### YOUR TASK:
Pictures are to be dropped. Everything else in the listing gets copied exactly.

### DATA PROVIDED:
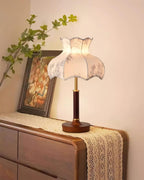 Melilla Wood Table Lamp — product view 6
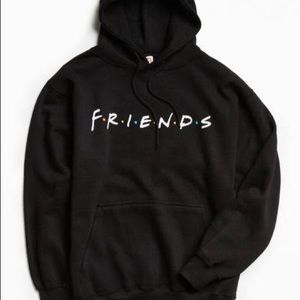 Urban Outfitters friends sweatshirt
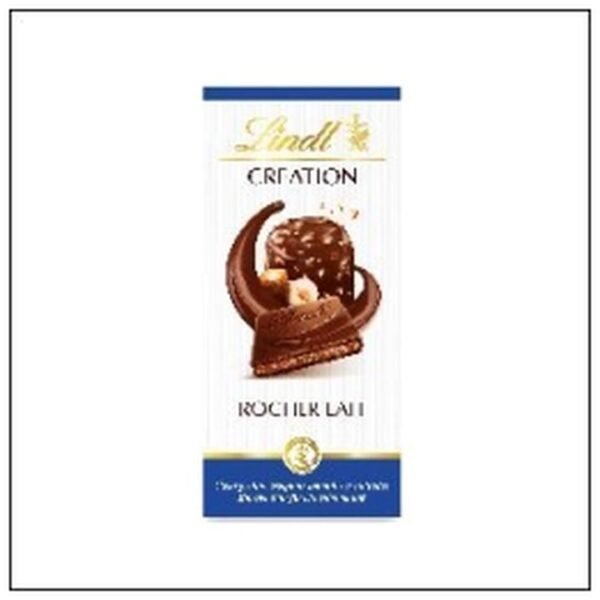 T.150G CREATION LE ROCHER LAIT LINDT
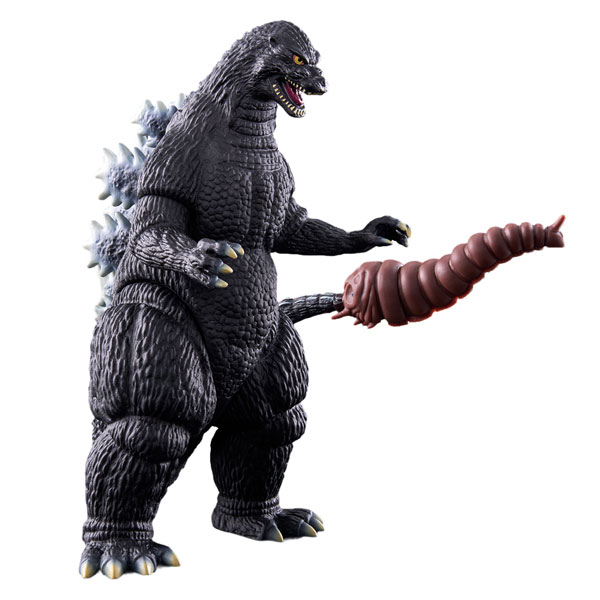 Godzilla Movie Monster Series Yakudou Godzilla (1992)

### ANSWER FOR THIS EXERCISE:
 Melilla Wood Table Lamp — product view 6
 Urban Outfitters friends sweatshirt
 T.150G CREATION LE ROCHER LAIT LINDT
 Godzilla Movie Monster Series Yakudou Godzilla (1992)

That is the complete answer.